The insurer relied on the Ontario Court of Appeal decision in Chisholm v. Liberty Mutual Group (2002) (“Chisholm”). In Chisholm, the Court used the two-part test set out by the Supreme Court of Canada in Amos v. Insurance Corp. of British Columbia (1995) (“Amos”):

(1)The purpose test: did the accident result from the ordinary and well-known activities to which automobiles are put? and;

(2)The causation test: was there some nexus or causal relationship between the plaintiff’s injuries and the ownership, use or operation of his car, or was the connection merely incidental or fortuitous

Citing Amos, the Court held:

In Amos, the appellant was entitled to no-fault benefits because his ‘vehicle was not merely the situs of the shooting’…the shooting appears to have been the direct result of the assailants’ failed attempt to gain entry to the appellant’s van.

The Arbitrator found the above distinction had direct application to Gill’s incident.
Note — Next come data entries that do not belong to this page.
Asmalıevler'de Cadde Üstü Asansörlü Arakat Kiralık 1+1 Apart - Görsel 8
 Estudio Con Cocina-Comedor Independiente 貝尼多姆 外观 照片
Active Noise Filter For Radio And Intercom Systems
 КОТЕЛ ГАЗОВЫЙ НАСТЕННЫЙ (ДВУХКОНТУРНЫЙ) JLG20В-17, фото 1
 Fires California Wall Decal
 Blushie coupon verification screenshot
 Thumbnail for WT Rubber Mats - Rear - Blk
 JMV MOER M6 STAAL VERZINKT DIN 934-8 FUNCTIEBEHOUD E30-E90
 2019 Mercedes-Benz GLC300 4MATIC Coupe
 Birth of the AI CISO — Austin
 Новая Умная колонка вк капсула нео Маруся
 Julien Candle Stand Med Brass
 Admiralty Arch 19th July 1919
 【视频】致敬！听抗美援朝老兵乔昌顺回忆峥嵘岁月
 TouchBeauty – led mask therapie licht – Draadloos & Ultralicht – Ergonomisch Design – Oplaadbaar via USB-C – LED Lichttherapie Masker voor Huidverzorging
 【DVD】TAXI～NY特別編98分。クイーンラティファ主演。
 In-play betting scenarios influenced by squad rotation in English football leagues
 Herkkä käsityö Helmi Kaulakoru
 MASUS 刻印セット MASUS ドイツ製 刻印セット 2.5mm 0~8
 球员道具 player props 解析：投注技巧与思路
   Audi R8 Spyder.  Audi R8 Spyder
The shooting of Gill was not random, but arose out of his use or operation of an automobile. His erratic operation of his truck and his failure to stop likely led to the shooting.

In Greenhalgh v. ING Halifax Insurance Co. (2004), the Court of Appeal adopted and clarified the Chisholm approach to causation as follows:

In my opinion, the Chisholm test, as it applies to this case, can best be set out in the form of two questions:

1.Was the use or operation of the vehicle a cause of the injuries?
2.If the use or operation of a vehicle was a cause of the injuries, was there an intervening act or intervening acts that resulted in the injuries that cannot be said to be part of the “ordinary course of things”? In that sense, can it be said that the use or operation of the vehicle was a “direct cause” of the injuries?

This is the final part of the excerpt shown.